For non-coherent networks, there are mainly two kinds of methods essentially. They are subspace codes based on the subspace distance and rank codes based on rank distance. Silva and Kschischang present a seminal idea of subspace codes. They consider, for the completely random network channel resulting from random coefficient operations in the intermediate nodes, the only stable thing is the vector space spanned by the source messages. The subspace distance captures the above essence. Theorem 2 in [4] shows it can correct up to an *error dimension* \( \left\lfloor \frac{D\left(\Omega \right)-1}{4}\right\rfloor \) where *D*(Ω) is the minimum space distance about the space code Ω. Therefore, a subspace code Ω can correct \( \left\lfloor \frac{D\left(\Omega \right)-1}{4}\right\rfloor \) corrupted packets (it is original corrupted packets) at most. It is for that, in the worst case, *t* corrupted packets (it is original corrupted packets) can make 2*t error dimensions*. Therefore, the space code cannot correct more than \( \left\lfloor \frac{D\left(\Omega \right)-1}{4}\right\rfloor \) errors.
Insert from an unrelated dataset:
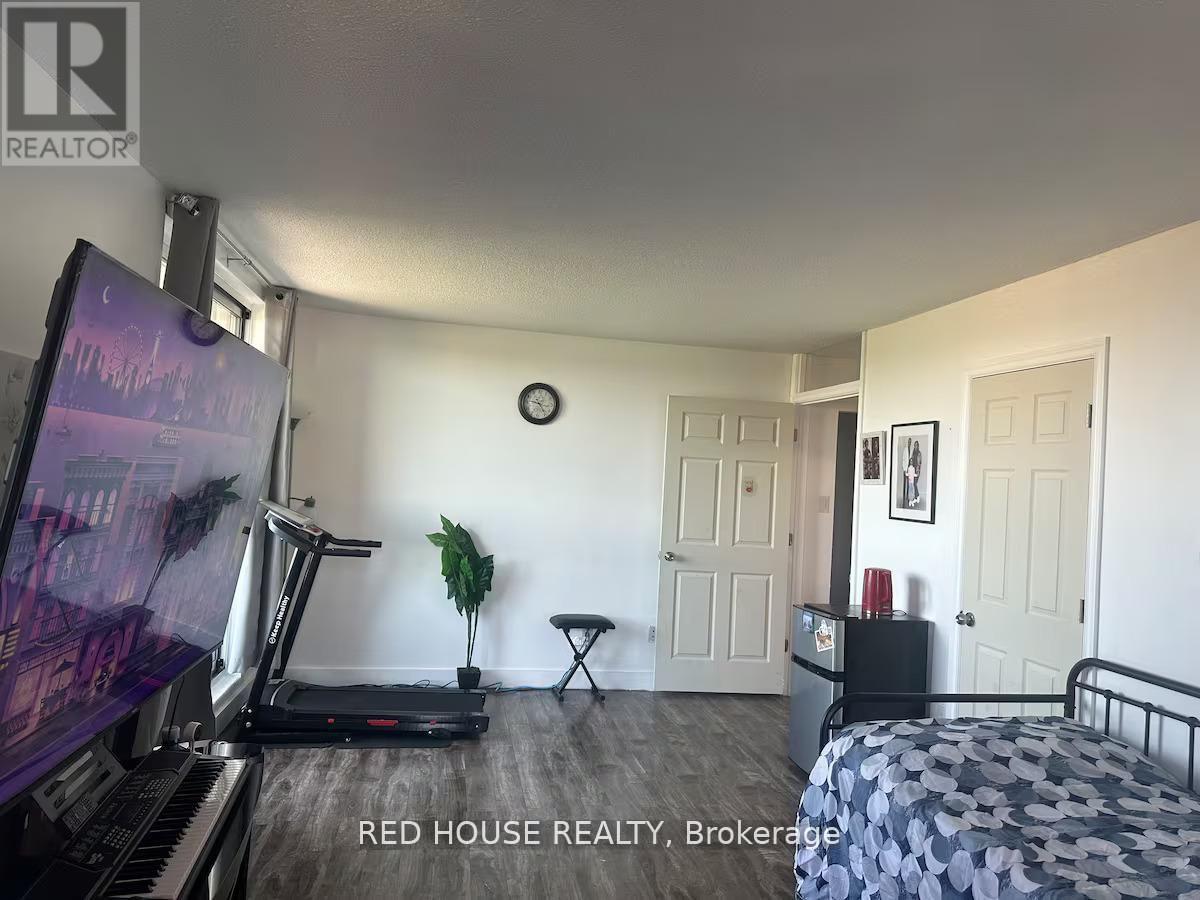 801 - 3555 Derry Road E, Mississauga, Ontario  L4T 1B2 - Photo 2 - W12689030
Another approach is the rank code [22]. It can also correct no more than *d*_{min}/2 corrupted packets where *d*_{min} is the minimum rank distance of the rank codes. The maximum value of *d*_{min} is *C*.

After we are aware of the shortcomings about the subspace distance in Silva and Kschischang’s method, [2] combines correcting symbol errors and dimension losses together. Symbol errors are based on the Hamming metric, and dimension losses are based on the subspace distance metrics. However, the effectiveness of this improvement is limited. Skachek et al. [2] points that most of NEC approaches have a limited error-correcting ability. It also shows directly, rather than evading the questions and avoiding them, that the errors in network coding are really very dense. Mahdavifar and Vardy [9] generates Silva and Kschischang code about list decoding. It shows that for any L, the list-L decoder can correct at most \( L-\frac{L^2\left(L+1\right)}{2}R \) errors where *R* is the normalized rate of the code. However, the solutions are not unique and additional redundancy must be send again. Therefore, it is also inefficient. Based on [9, 23], this improves the list model and achieves a much bigger decoding radius \( \frac{C}{k}\hbox{-} 1 \) where *C* is the max flow min cut and *k* is the size of information. Guruswami and Sudan [24] can correct \( C\cdot \left(1-\sqrt{1-\frac{{\mathrm{d}}_{\mathrm{min}}}{C}}\right) \) errors where Hamming distance is adopted instead of subspace distance.

In conclusion, most approaches can correct few errors. However, it is not realistic to assume that, *t*, the number of the original error is less than *C*/2 or \( \left\lfloor \frac{D\left(\Omega \right)-1}{4}\right\rfloor \) (in [16]). The original error usually exceeds *C*/2. Under a fixed BER (bit error rate), the more the links, the more the corrupted packets. The situation will be worse where no link-layer error correction is performed; this kind of network includes sensor networks where the computational power is not sufficiently large. The random errors are more common in reality indeed. Based on the NEC developed from traditional codes, the error-correcting ability cannot go beyond *d*_{min}/2 according to the inexorable law. Even listing decoding is influenced by this law. Though list decoding can correct errors whose number is beyond *d*_{min}/2, the ability of correcting more errors is at the cost that the solution is not unique. It needs the additional information to make the solution unique. The essential reason is that the decoding is performed in the framework of traditional block codes.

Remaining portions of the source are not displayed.